Samantha M. Weeks, CFE
Financial institutions, retailers and the travel industry have made rewarding customers for brand loyalty a part of our everyday lives. From keychains to mobile apps, companies know their customers want to feel appreciated, and driving additional spend is a big bonus. According to a 2017 study performed by Colloquy, there are 3.8 billion individual loyalty memberships in the U.S. and 175 million verified loyalty memberships in Canada. We have even seen the value of these programs being priced above the core stream of revenue in both hotel and airline financial performance reviews.
As beneficial as these programs are to both organizations and customers, it’s important to understand the related fraud risks and establish continuous monitoring to ensure that your customers remain loyal. Not only is your customer lifetime value at stake, but breaking your customer’s confidence in your brand can make it difficult to gain new customers. The most common fraud perpetrated against loyalty programs is account takeover fraud. Designing effective monitoring helps reduce response times to customer alerts of fraud, and helps to identify and reverse theft before the customer contacts you. This will save you money and preserve the loyalty you’ve built with your membership.

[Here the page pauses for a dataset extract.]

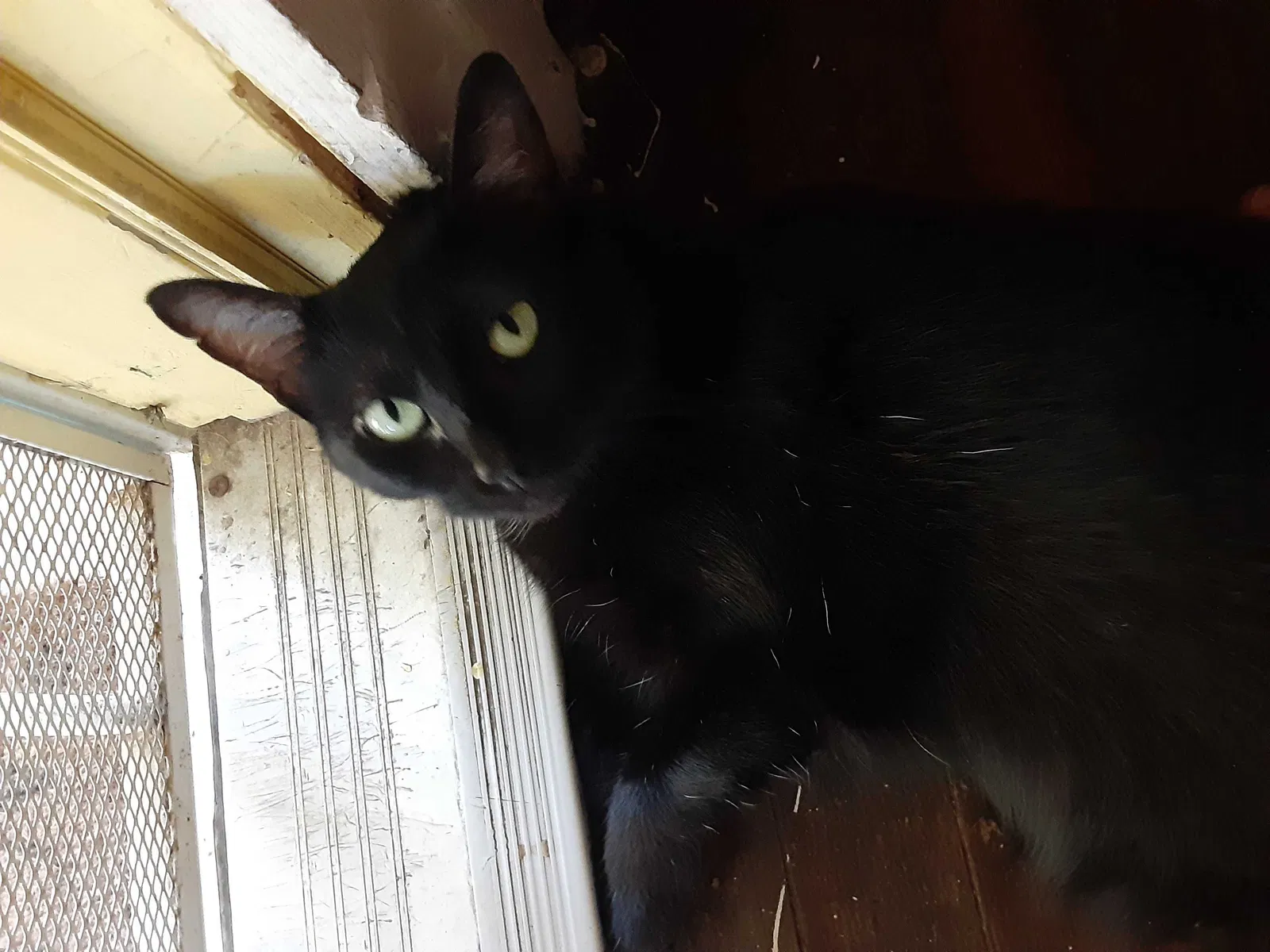 Lost cat in Kansas City, MO, 64132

Begin by quantifying the fraud in terms of customers impacted and the amount lost. If you make victim customers whole by replacing the stolen program currency (i.e. points or miles) be sure to include that in your valuations. Once velocity and impact can be communicated, the risk can be truly evaluated for priority and the need for further audit. Establish the pace in which these redemptions should be reviewed for fraud indicators and get ahead of the fulfillment of these redemptions. Create communications to educate your employees and customers on the need for unique passwords and make it clear that account takeover fraud is not a hack but a consequence of recycling passwords.

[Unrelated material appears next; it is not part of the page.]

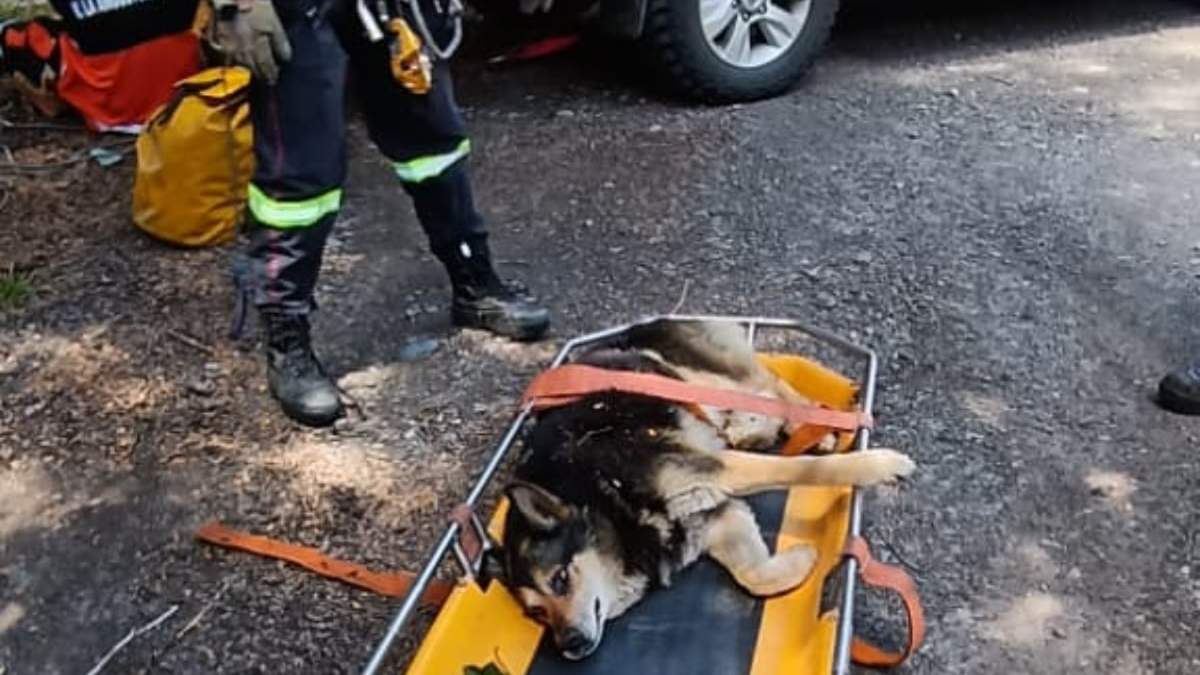 El perro fue rescatado por los bomberos voluntarios. Fuente: (La Angostura Digital)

Continuous monitoring processes can be improved with tracking. Provide analytics to stakeholders regarding the fraud rate and impact to the company and customers. The largest value of this is in the information and the story that you can tell. If you are leaking revenue from your loyalty program and you don’t know how big the leak is, you could risk the very loyalty the program is building.

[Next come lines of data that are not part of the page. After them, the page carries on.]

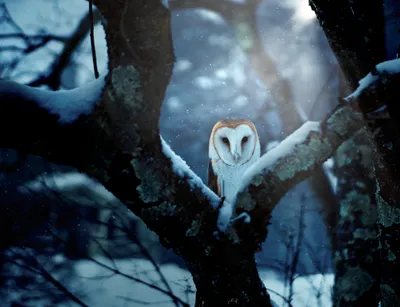 Vivid Winter Wallpaper Wallpaper 4K, Animals category
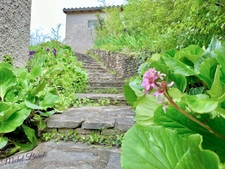 Dpt Rhône (69), à vendre CHAPONNAY maison P6 de 160 m² - Terrain de 1 450,00 m² 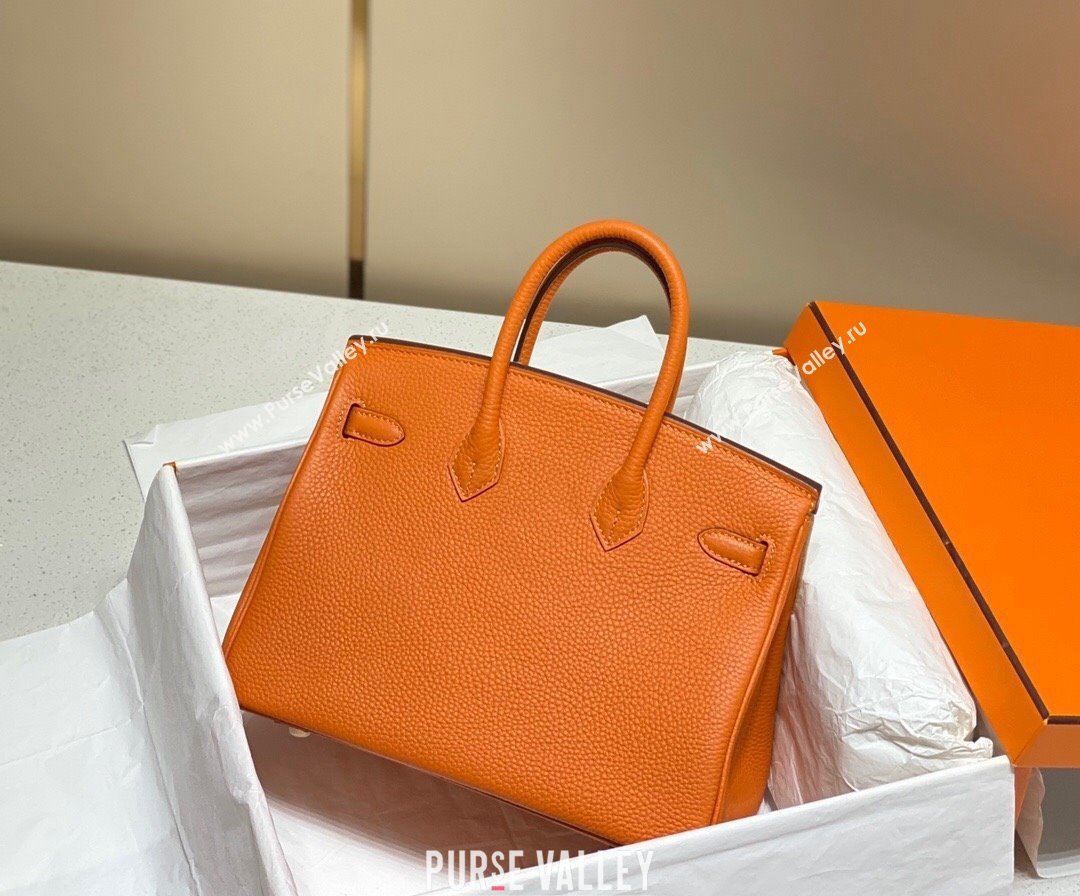 Hermes Birkin 25cm Bag in Togo Calfskin Hermes Orange 2023 1227 (FL-231227099)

According to Accenture, 77% of loyalty program participants admit they will withdraw their loyalty more quickly than they would have three years ago and 43% of participants admitted to doing so because they lost trust in the company (e.g., weak personal data security). Also, customers will tell an average of 24 people, mainly through social media and review websites, about their negative experience. (Connexions Loyalty/lpsos survey data). By continuously monitoring your program and being proactive in fraud detection, you can ensure that your customers remain as loyal as you strive for them to be.